Having pissed off the cast, there probably wasn't too much sympathy for Stallone when he broke three ribs stopping a drive for one of the Hungarians on the Nazi team. And what of the rumour that the over-confident Sly bet Pele $1,000 he could save half the great man's penalties in a shoot-out only for the actor to be completely humiliated? Says Wark, "I don't know whether that happened but I wouldn't be at all surprised. Stallone wasn't one of the best."
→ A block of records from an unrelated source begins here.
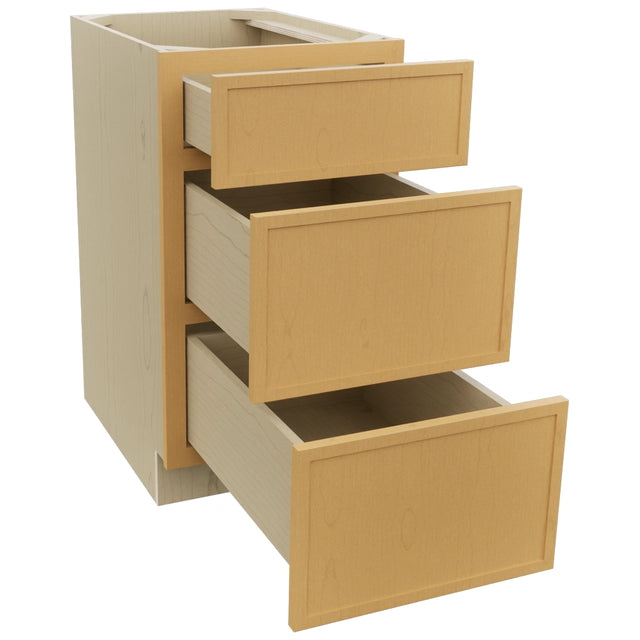 Fabuwood Luna Timber DB18 Base 3 Drawers Cabinet, Open View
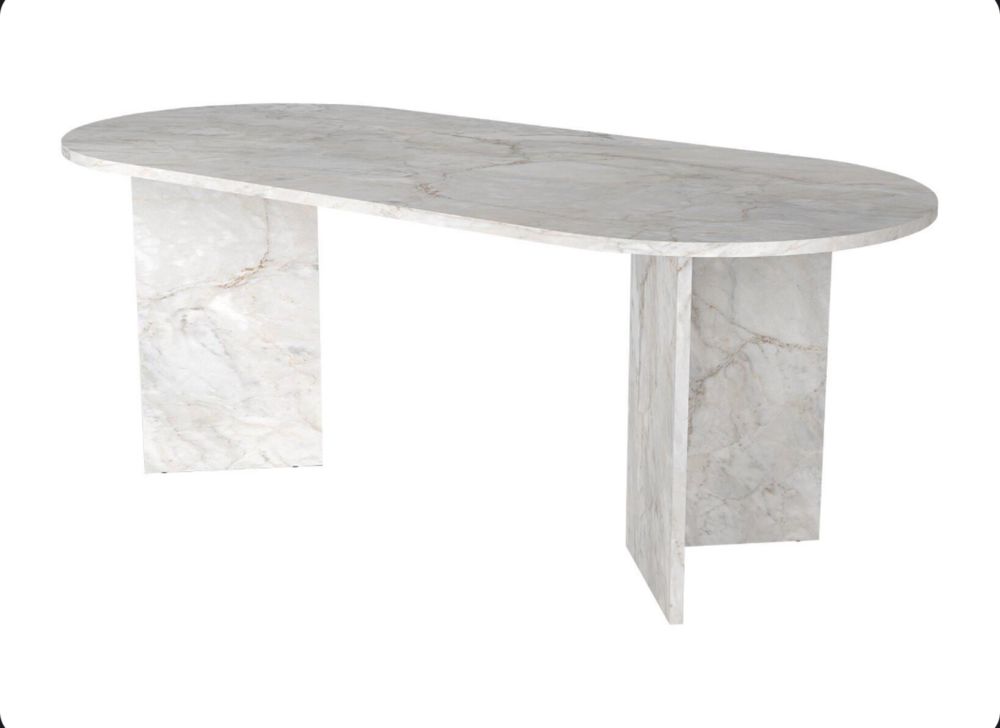 Mesa de jantar 8 lugares efeito mármore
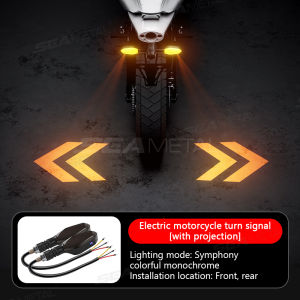SEAMETAL Lampu Sen LED Motor Lampu Sein Proyeksi Lampu Sein Sepeda Motor Mewah Tahan Air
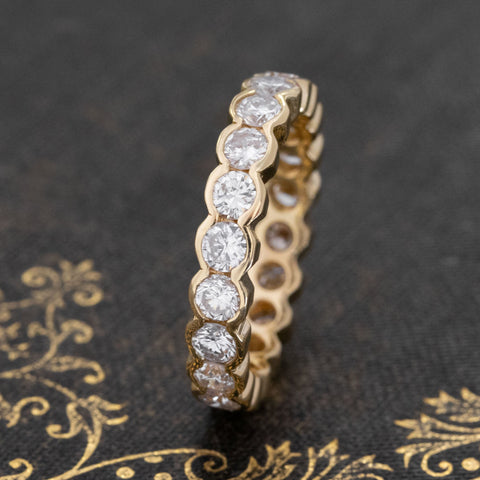 2.00ctw round brilliant diamond half bezel eternity band in 18kt yellow gold – alternate view 3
Wrapping in October 1980, Escape To Victory was released in Britain the following September. It didn't enjoy the success of Rocky or The Eagle Has Landed but it did debut at number four on the UK film charts, its assault on the number one spot scuppered by Indiana Jones (Raiders Of The Lost Ark), James Bond (For Your Eyes Only) and Sean Connery (Outland). It even hung around in the top five for a couple of weeks before being displaced, rather ironically, by John Carpenter's Escape From New York.
While the film enjoyed success in Europe and Australia, it proved as difficult to sell a film about football to America as it had been to sell the game itself. That the North American Soccer League folded barely a decade after its inception despite the presence of players such as Pele, George Best and Rodney Marsh might go some way to explaining why Victory didn't make it onto Variety's biggest-grossing lists.
With the ref having blown the final whistle, the Victory squad went their separate ways. Caine, of course, went on to win Oscars but his co-stars experienced mixed fortunes. While Pele became an international ambassador for 'the beautiful game', the Ipswich squad scooped the 1981 UEFA Cup (John Wark would enjoy European Cup glory when he moved to Liverpool).
Stallone, meanwhile, became the biggest star in the world over the next five years and a complete laughing stock in the five after that. There were also misfortunes for Ossie Ardiles, whose on-field success was followed by a disappointing career in management, and Bobby Moore who bid us farewell far too early in 1993.
Tragedy also befell John Huston, but not before he was able to knock out a few decent movies. And not until he'd once again demonstrated the sense of humour that allowed him to make a film as fun as Escape To Victory when he christened his last movie, made in the throes of emphysema, The Dead.